I just made that up.
That was a joke.
- Oh, cool.
- I have something positive to share with you, and it actually gives me goosebumps to be able to say this.
We have documented 35 species of citations in North Carolina.
What's the big deal about 35?
Well, this isn't a competition.
I'm not bragging.
I would love to be proven wrong, but that's more than any other state.
So I want anyone who comes into the Bone Henge Whale Center, or comes to a presentation, or sees an exhibit, to be aware of that incredible diversity.
We can produce things to teach people and people can learn.
Meet Kanga.
We created this so that educators can take the box to venues, festivals, schools, and it'll be the complete skeleton of a bottlenose dolphin.

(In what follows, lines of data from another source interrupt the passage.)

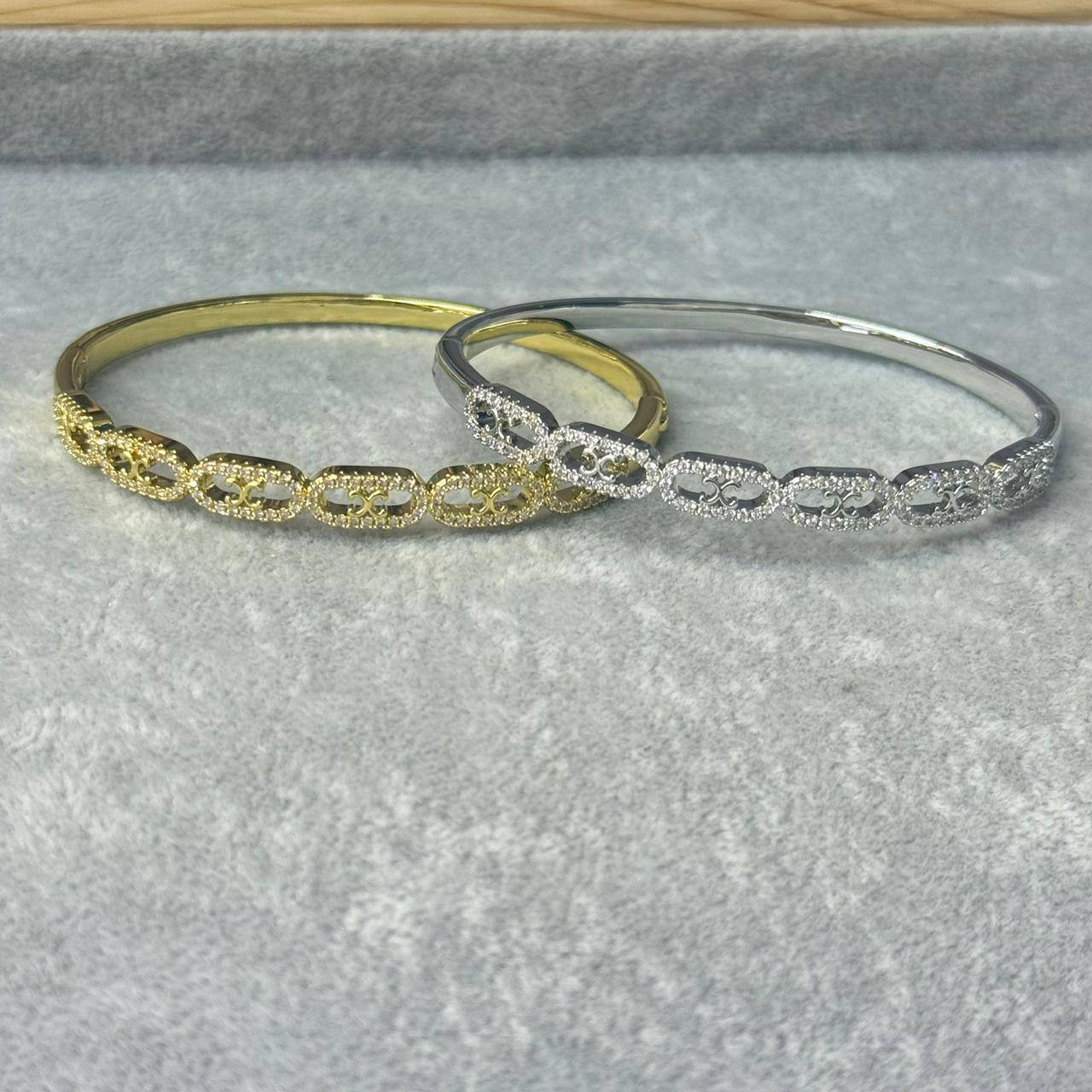 *Bangle ❤️‍🔥*
good quality 💯
With black boxes 📦 
20 dhs💓
With normal boxes 🗃️ 
And paper bag🛍️
30 dhs💓

Zain216
♥️♥️♥️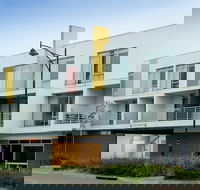Mawson Lakes Hotel  Function Centre - Australian Directory
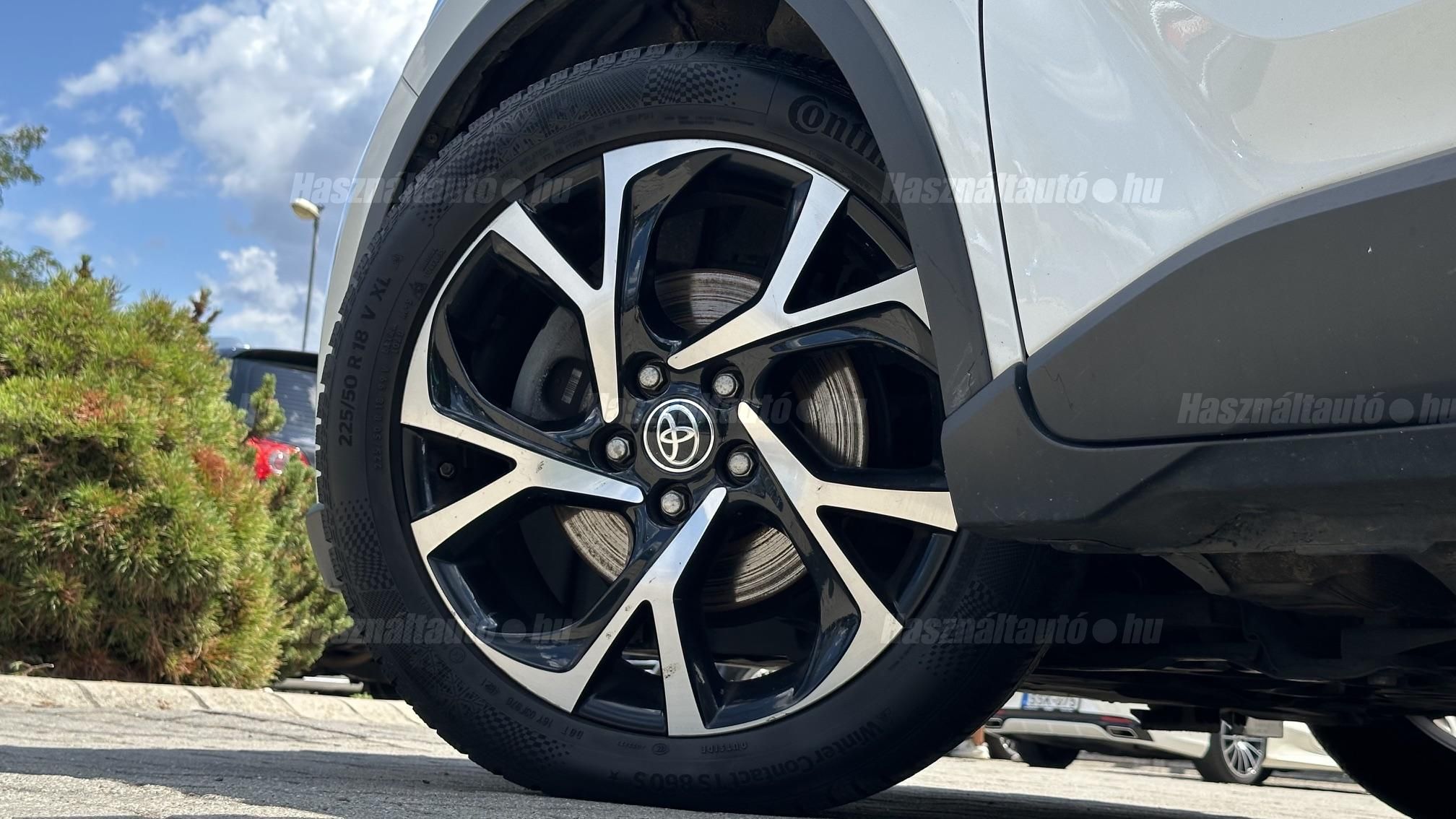 TOYOTA C-HR 1.8 Hybrid Style e-CVT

And compared to humans, what's similar, and what's different.
And the flippers of a dolphin are the same bones we have in our arms, including phalanges arranged into five digits.
Not many places people get to see that.
It's just so incredible, that a sperm whale, like what stranded on Cape Lookout, can alter everything in my life.
I want them to know, not just that this is a sperm whale skeleton.
Oh look, isn't that cool?
I want them to know where it stranded and when, and just use the skeleton to help tell more of a story, the story of this endangered species.
Why is it endangered?
Do they still exist on earth, or are they extinct?
Can we still see them in North Carolina?
And wow, isn't that cool?
'Cause the answer is yes.
I mean, I'm an environmentalist.
I care deeply about protecting marine life.
I want people to know how much we have to lose.